# EXERCISE AIM
In the records below, find the line with "Home | Kroone Liefting" and repeat exactly every line from it through the line with "28610 월정액 주차장". Pictures stay out.

# DATA SUPPLIED
↓

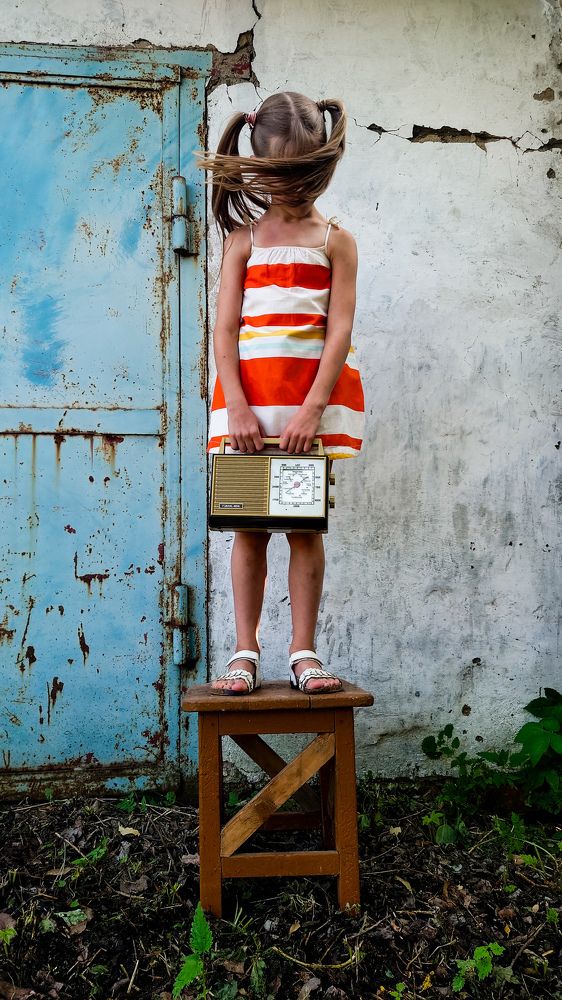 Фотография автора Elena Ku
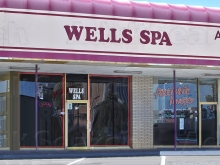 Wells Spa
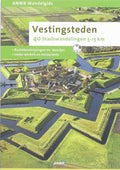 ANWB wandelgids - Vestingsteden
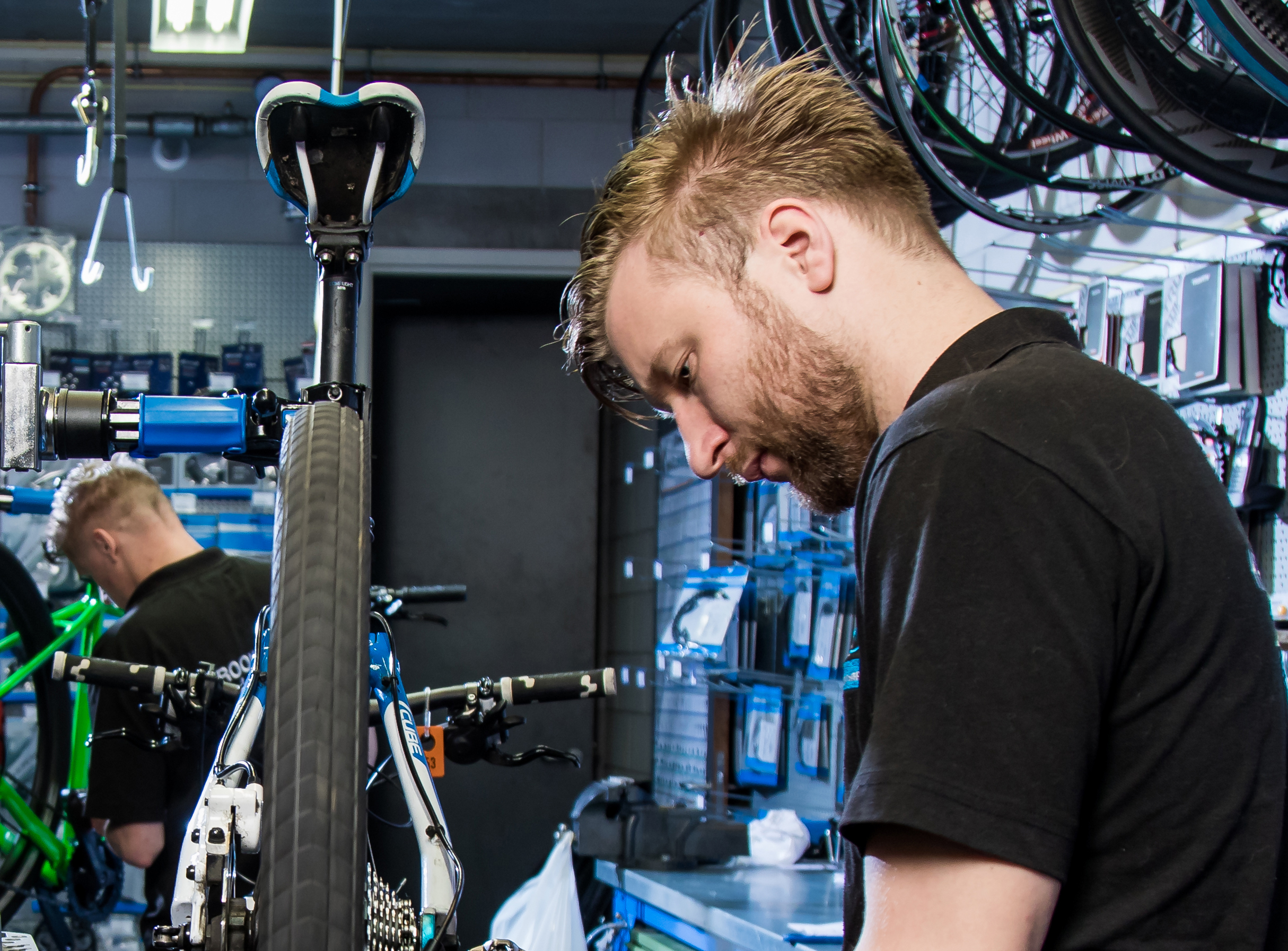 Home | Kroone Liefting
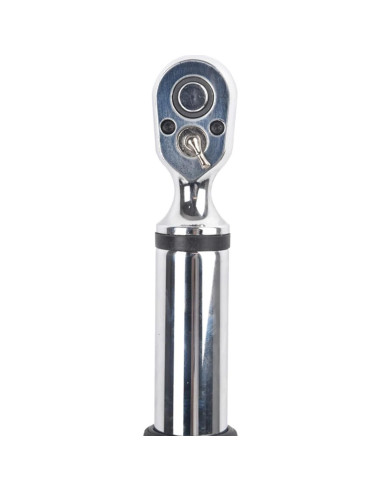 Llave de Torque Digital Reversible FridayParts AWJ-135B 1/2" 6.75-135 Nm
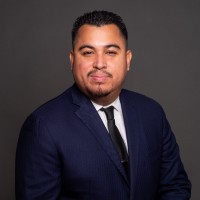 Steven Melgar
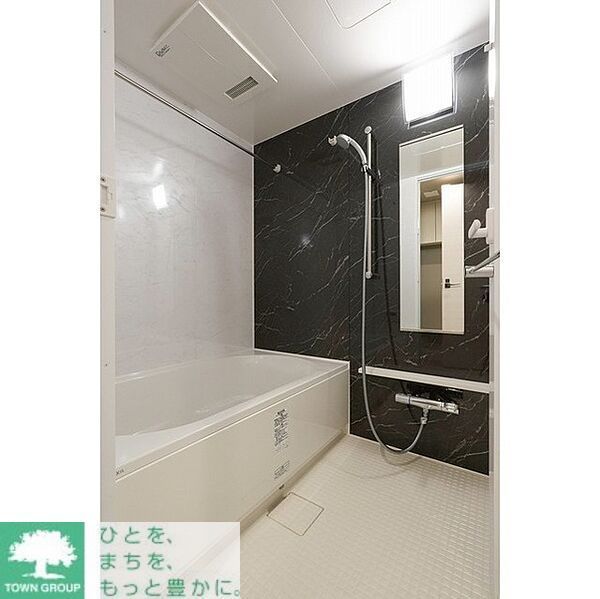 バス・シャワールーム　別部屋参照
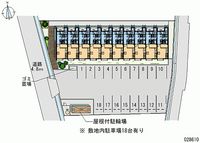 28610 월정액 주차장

↑
↓

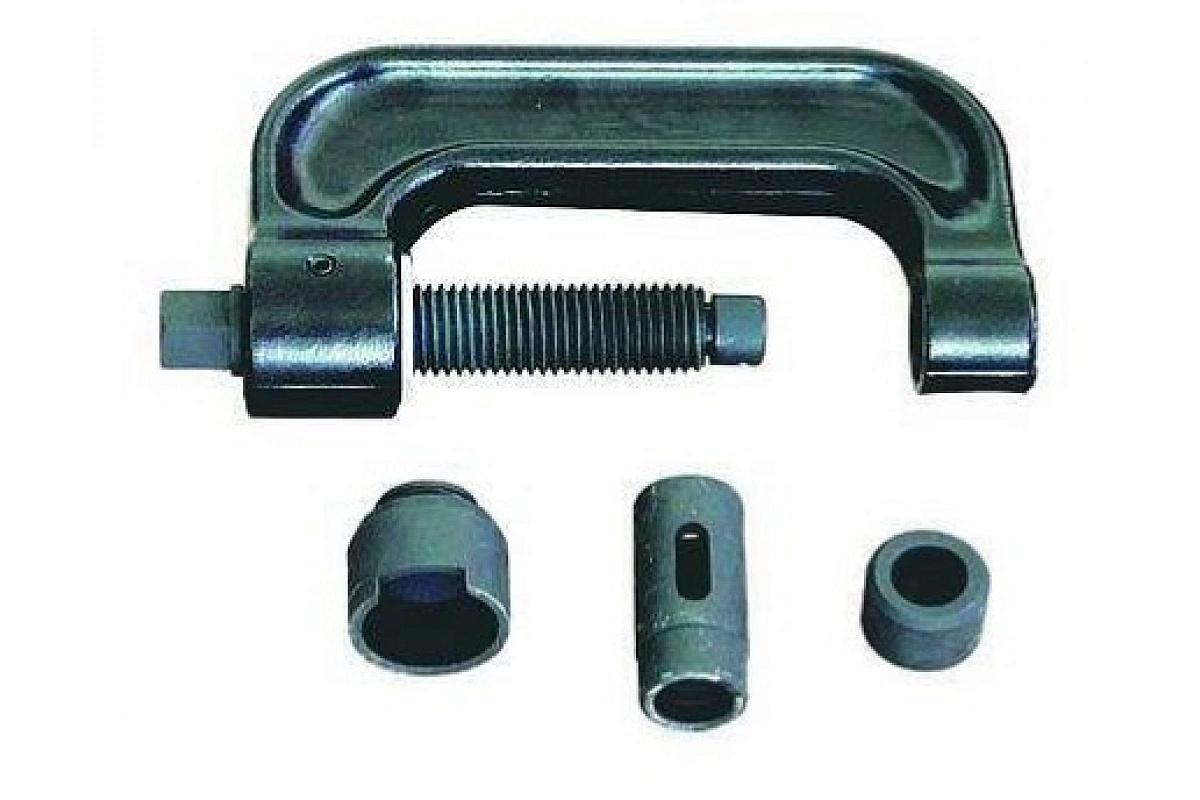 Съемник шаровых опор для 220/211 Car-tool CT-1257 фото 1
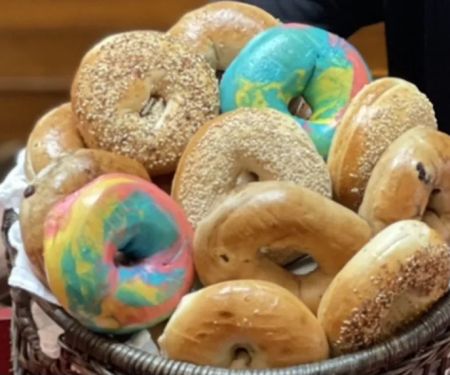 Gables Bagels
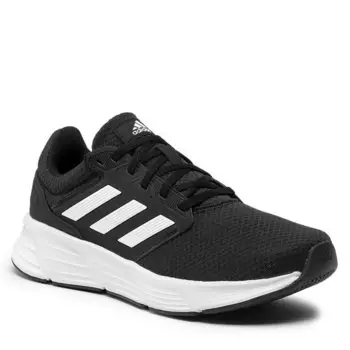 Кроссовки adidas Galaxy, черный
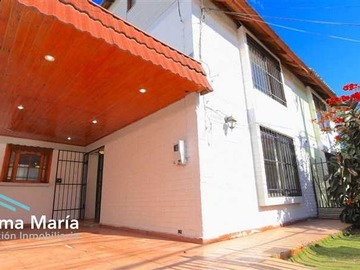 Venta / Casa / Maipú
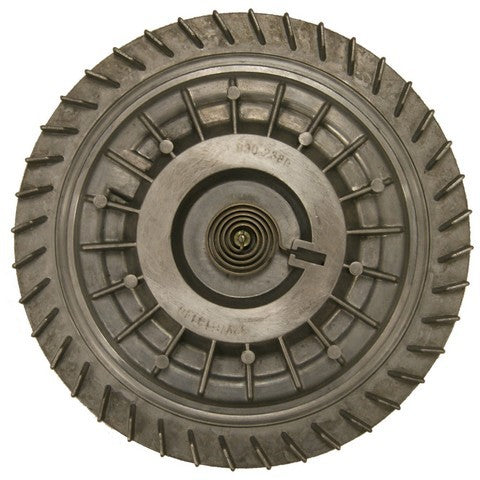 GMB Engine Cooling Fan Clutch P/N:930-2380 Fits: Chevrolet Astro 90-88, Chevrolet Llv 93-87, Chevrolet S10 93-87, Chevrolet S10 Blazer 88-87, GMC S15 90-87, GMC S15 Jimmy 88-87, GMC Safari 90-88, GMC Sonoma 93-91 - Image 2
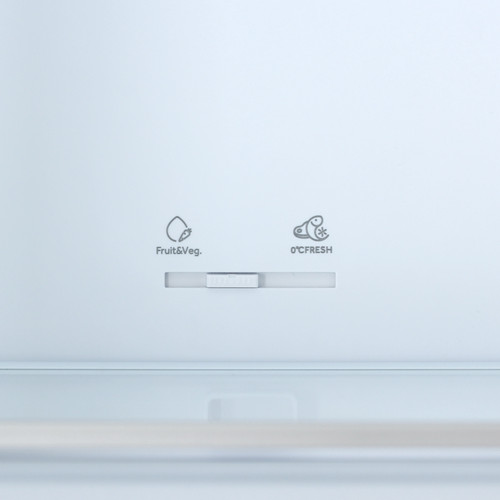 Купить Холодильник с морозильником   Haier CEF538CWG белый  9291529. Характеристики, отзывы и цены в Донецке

↑

# OUTPUT
 Home | Kroone Liefting
 Llave de Torque Digital Reversible FridayParts AWJ-135B 1/2" 6.75-135 Nm
 Steven Melgar
 バス・シャワールーム　別部屋参照
 28610 월정액 주차장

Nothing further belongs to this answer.